The Geopolitics of Floating Bases and the New World Order
14 Nov, 2017 · 5391
Asanga Abeyagoonasekera weighs in on China's strategic vision that combines economic might with geopolitical prowess
US naval officer and strategist Alfred Thayer Mahan’s advice in 1890 for the US to push outwards to rule the oceans is still heeded by US maritime forces in the present day. The USS Nimitz aircraft carrier, standing 23 stories high and 333 metres long with 5,000 personnel on board, arrived in Sri Lanka in October this year after 32 years since the last arrival of a US aircraft carrier. Aircraft carriers are sea-faring air bases equivalent to floating geographical land masses with significant firepower which have been proven as key strategic war machines in the recent past.
The visit of the USS Nimitz is a clear indication of the military and economic might that the US projects through floating bases, not only in the Indian Ocean Region (IOR) but globally. Floating bases are indicative of the US world order – one that is predominantly unilateral, save for 'collective security' partnerships and one that seeks hegemony.
Nevertheless, the presence of USS Nimitz in the IOR intends to symbolise the strong cooperation between the US and Sri Lanka during the Sirisena regime. Back in 1985, the US aircraft carrier visit would have raised concerns for Sri Lanka’s immediate neighbour, India. However, today, the US and India enjoy a different relationship than in the past. The US has clearly cemented strong 'collective security' relations with India, Japan, and Australia.
In this context, countries with a geostrategic advantage such as Sri Lanka are seen as ideal sites to further strengthen these lateral ties. From 2010 onwards, there have been more than 200 foreign naval visits to Sri Lanka, including India’s INS Vikramaditya, another aircraft carrier that visited the Colombo Port in 2016. Sri Lanka strives to balance all major powers’ interests in the country and thus accommodate these war ships as friendship visits. The prevalent counter-argument is that some major powers, most notably China, are aggressively and one-sidedly pursuing their own self-interest through setting up military bases in the IOR. However, one could also contend that aircraft carriers as floating bases (such as the US’) in the deep oceans are trying to showcase and achieve a similar military strategy and projection of power.
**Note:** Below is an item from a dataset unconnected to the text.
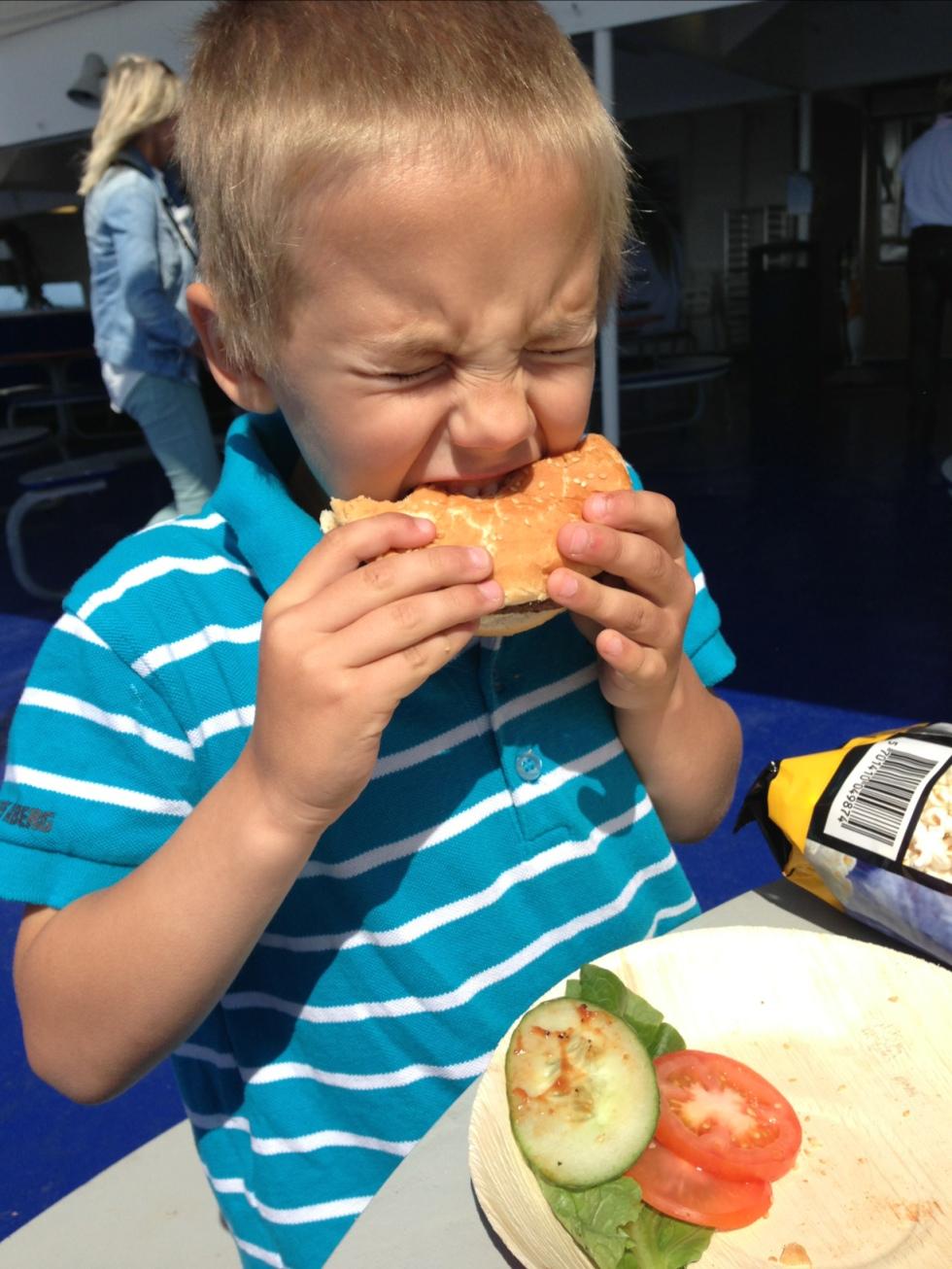 Alexander äter hamburgare ute på däck på färjan mellan Fredrikshamn och Göteborg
President Sirisena’s government is enacting this balancing act for Sri Lanka and creating equidistant foreign relations with the US, India, and China. In the region, India has also engaged in joint military exercises, the most recent being ‘Mitra Shakti 2017’ with Sri Lanka in October. According to the Indian Express, the joint military exercise was India’s response to China’s growing influence in South Asia and the IOR. However,this author’s opinion is that the article is speculative since the military exercise clearly falls short of limiting China’s growing power in the region. In this vein, many speculative media stories will raise similar questions with regard to Sri Lanka’s relationship with its neighbour, India.
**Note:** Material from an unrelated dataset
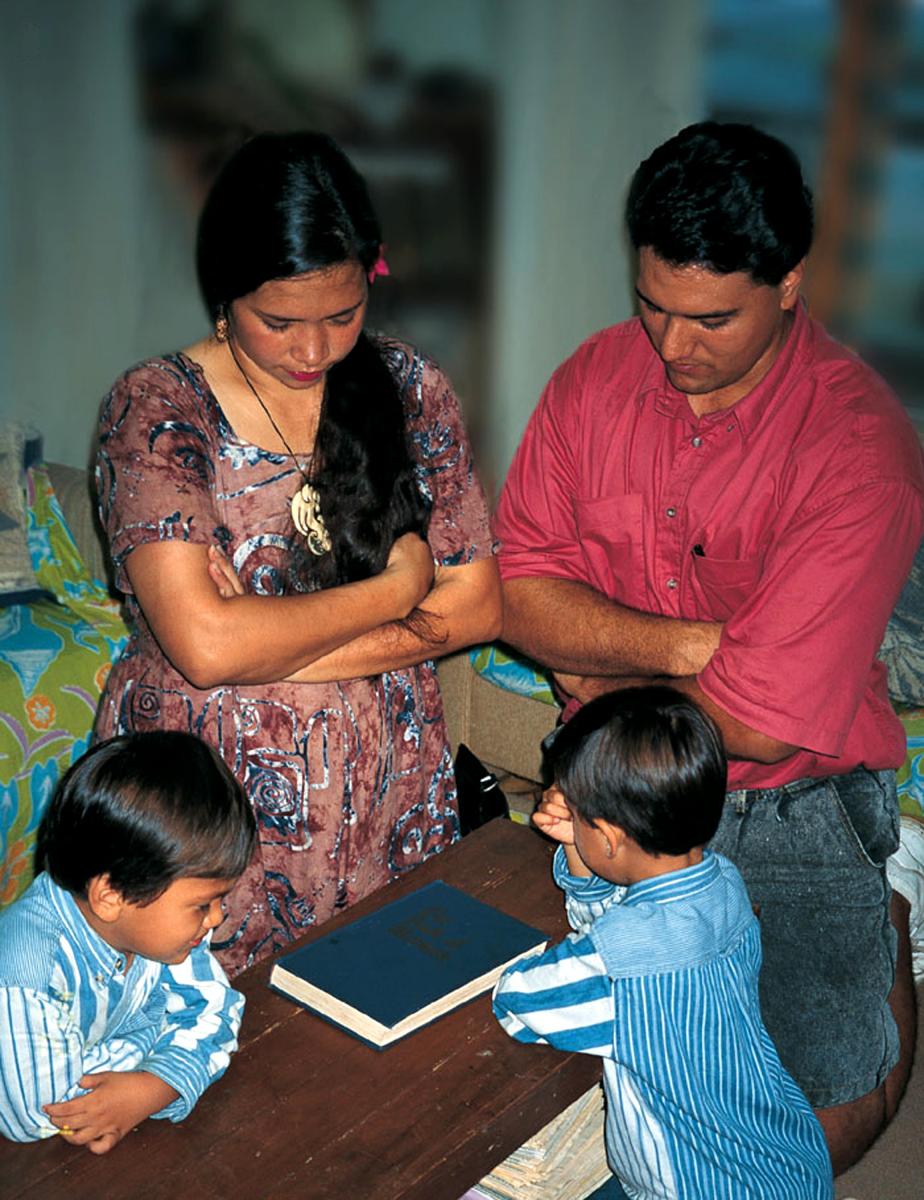 A family kneeling together in prayer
President Trump visited China against the backdrop of all these geopolitical events in the IOR. Chinese leader Xi Jinping has arguably presided over more domestic stability and economic prosperity in his country than Angela Merkel, Theresa May, Vladimir Putin, and Trump combined. President Xi, in his speech to the 19th National Congress in October, highlighted the founding aspirations of Chinese communist values. This included moving 80 million people from rural to urban areas, boosting the country’s GDP from 54 trillion to 80 trillion yuan, projecting China as the world’s second largest economy, and contributing to 30 per cent of global economic growth in a span of only five years. While propelling innovation and scientific advancement, China has also made more than 1500 reforms of a socialist nature to pursue modernisation, including fighting corruption. On the latter point, President Xi remarked “We have taken out tigers, swatted flies and hunted down foxes,” leaving no space for corruption.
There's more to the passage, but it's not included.